Anál. Social  no.214 Lisboa mar. 2015

 

OBITUÁRIO

 

Manuel de Lucena (1938–2015)

Luís Salgado de Matos

 

Manuel de Lucena (Lisboa, 7 de fevereiro de 1938 – 7 de fevereiro de 2015) foi um cientista social português, um ator político e um literato. Nunca separou estas três categorias, o que era caso único na sua geração. Era um homem alto, cavalheiresco, em geral desengravatado e sempre galhardo, socializado de modo idiossincrático, fascinante e por vezes insistente conversador, cuja candura tinha a sua face serpentina na agudeza de inteligência, coragem das ações e tenacidade dos valores. Foi casado de facto com a engenheira agrónoma Laura Larcher Graça, nos anos 1960, e com a jornalista Paula Mascarenhas, nos anos 1980; teve um filho com cada uma delas.

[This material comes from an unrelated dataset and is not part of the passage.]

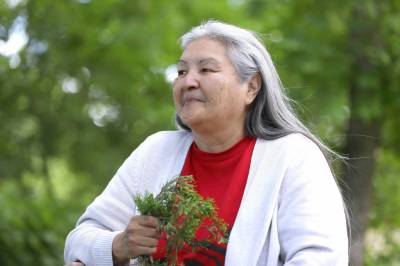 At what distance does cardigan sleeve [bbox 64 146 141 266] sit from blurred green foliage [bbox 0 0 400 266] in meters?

Manuel João Maya de Lucena nasceu numa família tradicional portuguesa. Era filho e neto de oficiais do Exército. Acompanhou o pai a Angola. Regressou a Lisboa com 16 anos. Foi aluno dos jesuítas. Um amigo do pai deu-lhe acesso a um movimento monárquico, a Frente de Juventudes Tradicionalistas; publicou no semanário monárquico O Debate. “Depois, tornei-me mais católico do que monárquico, estive na Juventude Universitária (JUC)”. Frequentou brevemente o Instituto Superior Técnico e logo mudou para a Faculdade de Direito da Universidade de Lisboa. Aqui se relacionou, entre outros, com João Vieira de Castro, Francisco Sarsfield Cabral. Foi ativo no Cineclube Católico (CCC), onde conheceu vários dos seus amigos católicos: o cineasta Paulo Rocha, João Bénard da Costa, Nuno de Bragança, Pedro Tamen, Carlos Portas.

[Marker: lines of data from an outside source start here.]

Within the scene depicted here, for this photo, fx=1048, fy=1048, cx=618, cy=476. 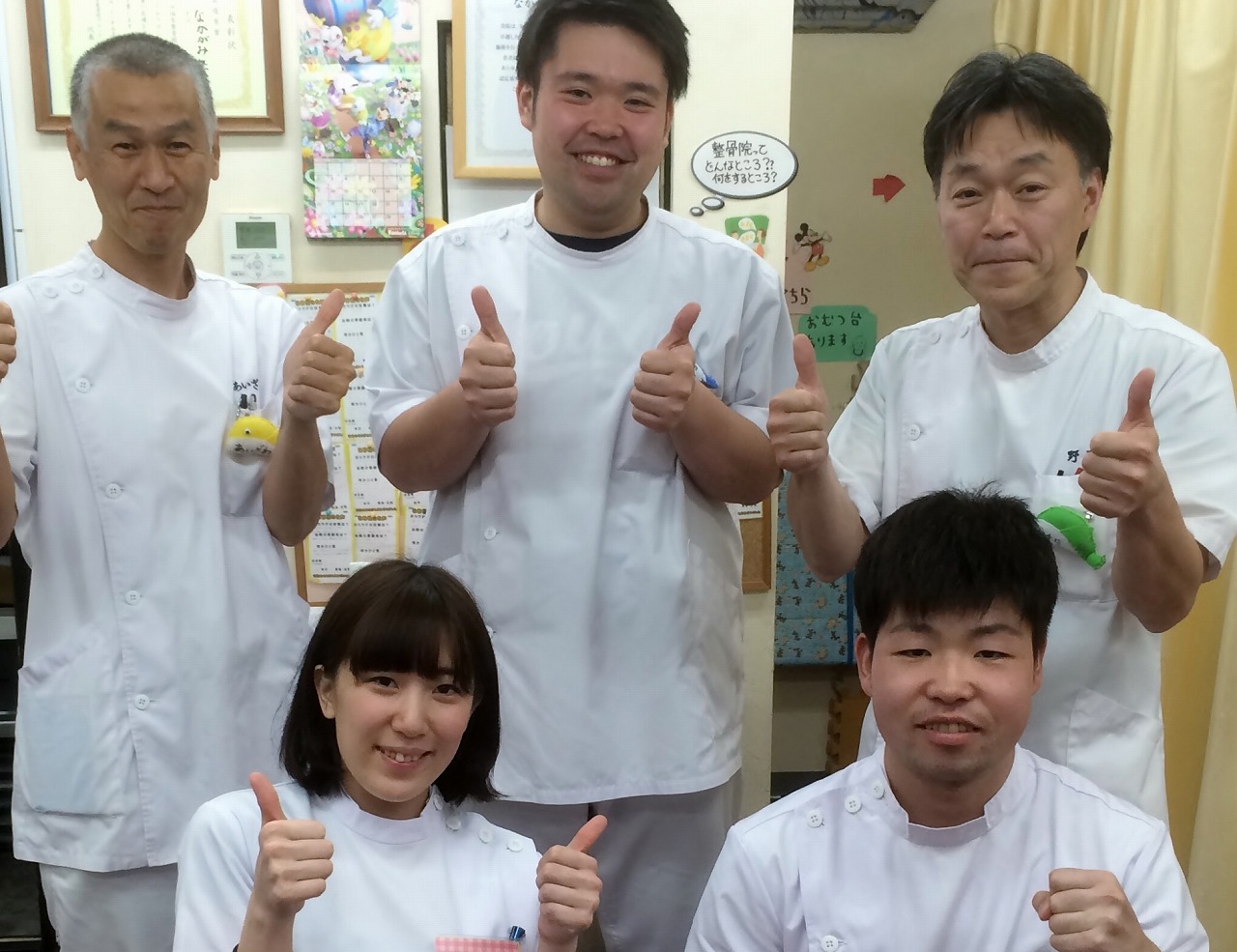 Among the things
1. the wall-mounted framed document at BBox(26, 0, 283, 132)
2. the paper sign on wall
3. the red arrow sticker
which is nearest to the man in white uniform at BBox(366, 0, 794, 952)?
the wall-mounted framed document at BBox(26, 0, 283, 132)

Eclode então a crise universitária de 1961-1962. Aos 22 anos, é o principal redator dos célebres comunicados quase diários das Reuniões Inter-Associações (RIA). Alcança pela primeira vez a visibilidade. Era um homem de amigos e nesta crise solidificou os laços com Jorge Sampaio, Vítor Wengorovious, Nuno Brederode Santos, Jorge Almeida Fernandes, Vasco Pulido Valente, seus colegas em Direito, com José Medeiros Ferreira, da Faculdade de Letras, José Lavradio, da Faculdade de Medicina, e João Cravinho, do Técnico.

Integrou a primeira equipa d’O Tempo e o Modo, revista de diálogo entre católicos e não católicos, fundada em 1963 por António Alçada Baptista, e onde reencontra vários dos amigos acima nomeados.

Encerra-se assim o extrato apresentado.